The records that follow must be repeated exactly, minus the images.

··· DATA SECTION

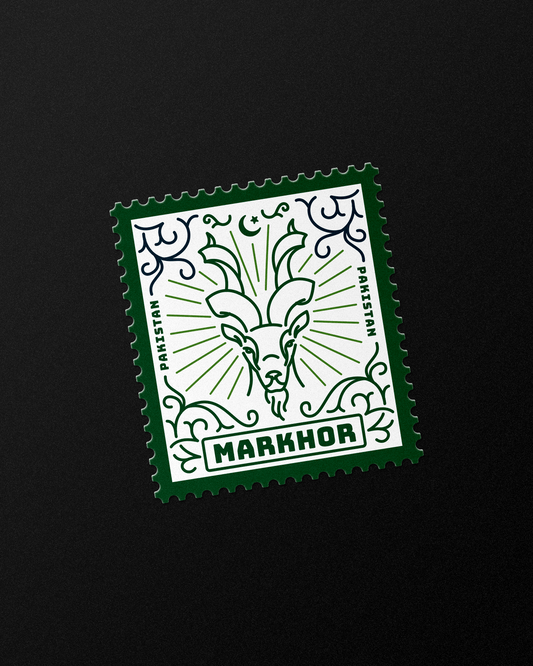 Markhor Stamp Sticker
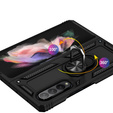 Pancéřové pouzdro pro Samsung Galaxy Z Fold3 5G, Nox Case Ring, černé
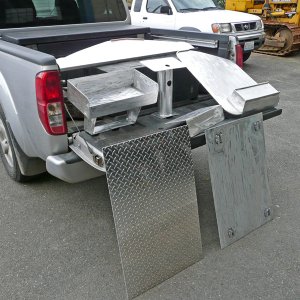add-on-components
from lower left and clockwise
1/2 of the stern shelf - generator tray - top cabin shelf - (middle)radar stand - helm shelf - other half of stern shelf -(below radar)battery switch/acr plate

······

WRITTEN ANSWER:
 Markhor Stamp Sticker
 Pancéřové pouzdro pro Samsung Galaxy Z Fold3 5G, Nox Case Ring, černé
add-on-components
from lower left and clockwise
1/2 of the stern shelf - generator tray - top cabin shelf - (middle)radar stand - helm shelf - other half of stern shelf -(below radar)battery switch/acr plate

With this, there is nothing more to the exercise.